- Headford Ireland

Information
- Type: Secondary school
- Established: 1942
- School district: County Galway
- Principal: Fiona Gallagher
- Enrollment: 850
- Colours: Navy (Junior level), Grey (senior level), with black shoes and navy trousers
- Athletics: Gaelic football, soccer, rugby union, basketball, golf
- Affiliation: CEIST Catholic Education an Irish Schools Trust
- Website: www.presheadford.ie

= Presentation College Headford =

Presentation College Headford is a secondary school for boys and girls in Headford, County Galway in Ireland. The school serves the town of Headford and its hinterland. It is partnered with Dundonald High School, Belfast, in Northern Ireland.

==History==
The college was founded by the Presentation Sisters in 1942. It initially started in a disused army hut behind the presbytery. In 2017, it celebrated 75 years operation.

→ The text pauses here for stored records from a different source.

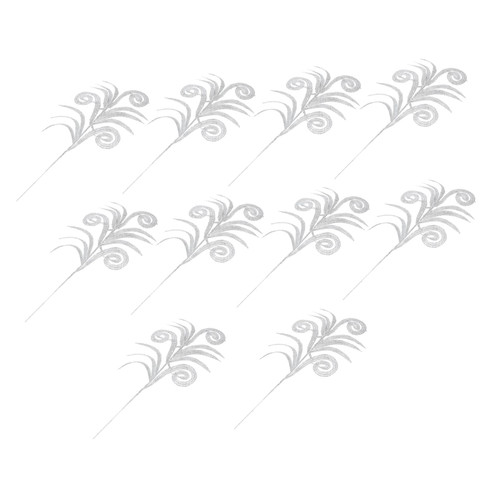 ABOOFAN 10pcs Christmas Leaf Leaves Christmas Spray Picks Christmas Glitter Picks Flower Arrangements Leaves Artificial Flowers Christmas Leaves or Christmas Tree Flower Lottery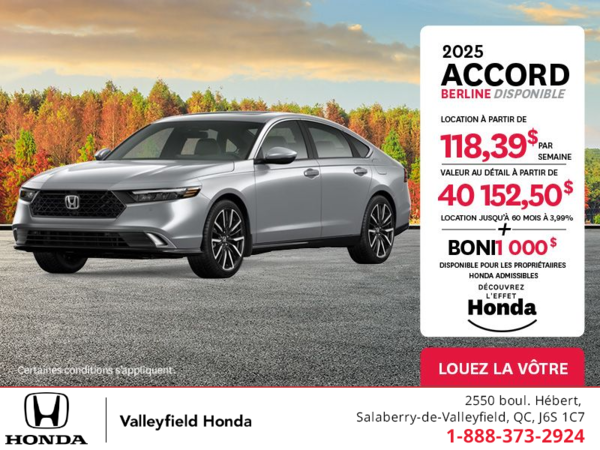 Obtenez la Honda Accord 2025 !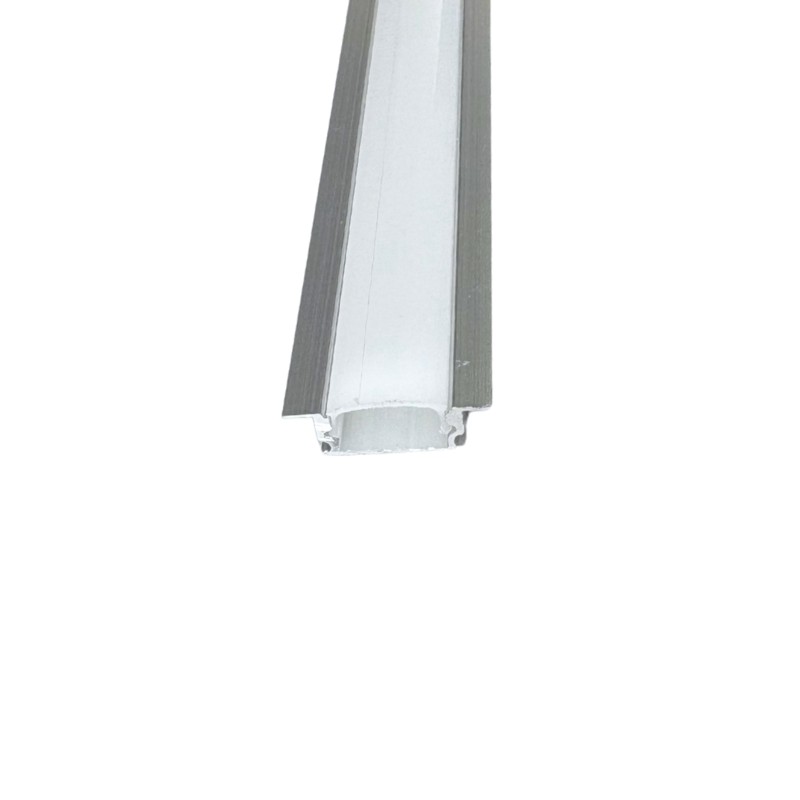 3M De Perfil De Aluminio Natural  102 Con Pestañas Empotrar 16.5x6.5mm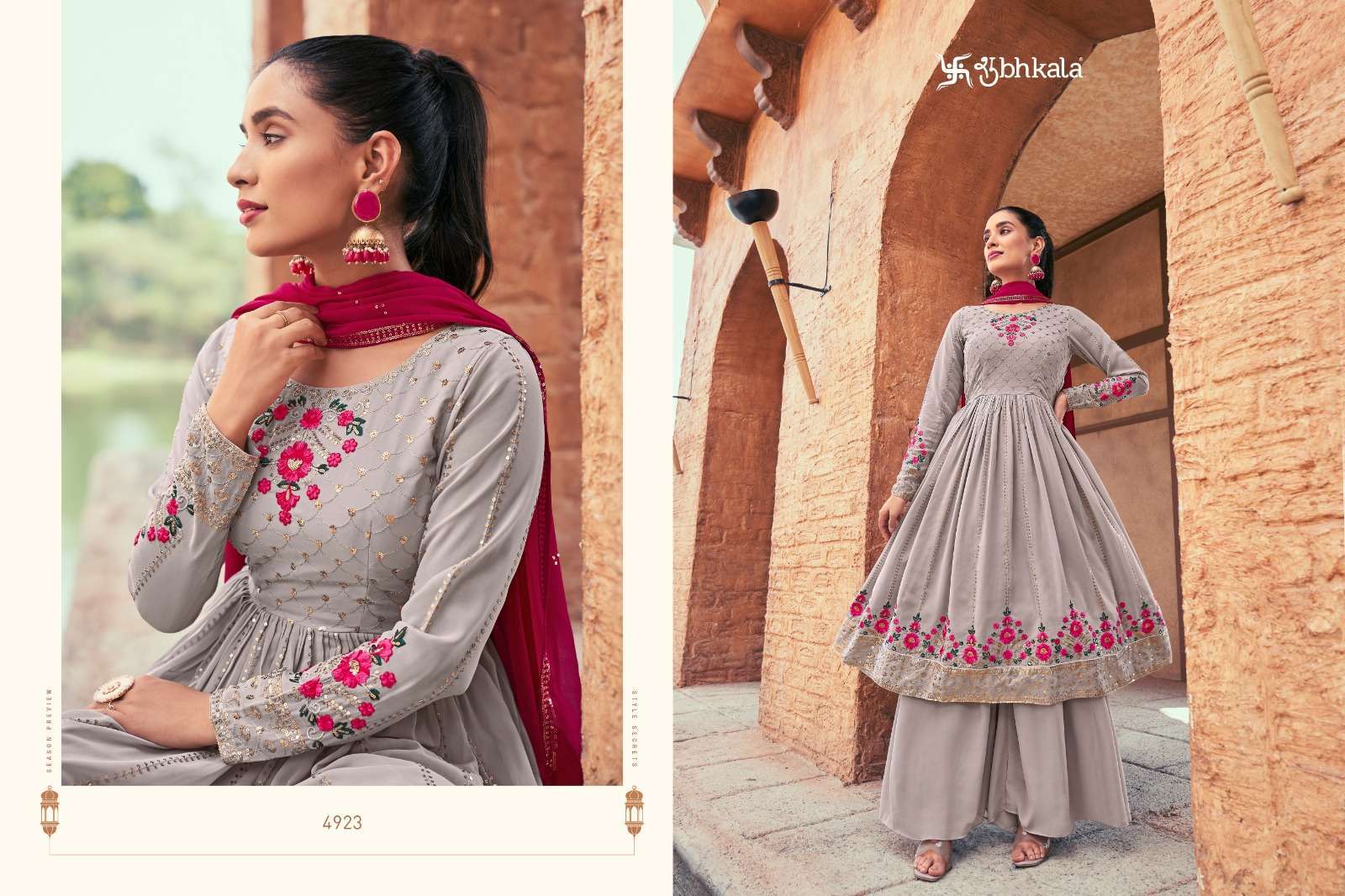 SHUBHKALA PRESENTS FLORY VOL-36 DESIGNER EXCLUSIVE EMBROIDERED SALWAR SUIT PALAZZO CATALOG WHOLESALER AND EXPORTER IN SURAT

In 2007, the college began operating under the trusteeship of CEIST Catholic Education an Irish Schools Trust.

On Easter Monday 2023, 14-year-old students Lukas Joyce and Kirsty Bohan died in a car crash.

== Infrastructure ==
A large school gym was built in the late 1980s at a cost of £64,000 which accommodates physical education classes, theatrical acts, and other events.

The school building is antiquated and the corridors are narrow. A new school building was built in 2010, and it houses a number of classrooms and a hall in which students can study or eat at lunch. It is also home to a state of the art table tennis hall.

There is a school canteen on campus which can seat 300 students, and employs five staff.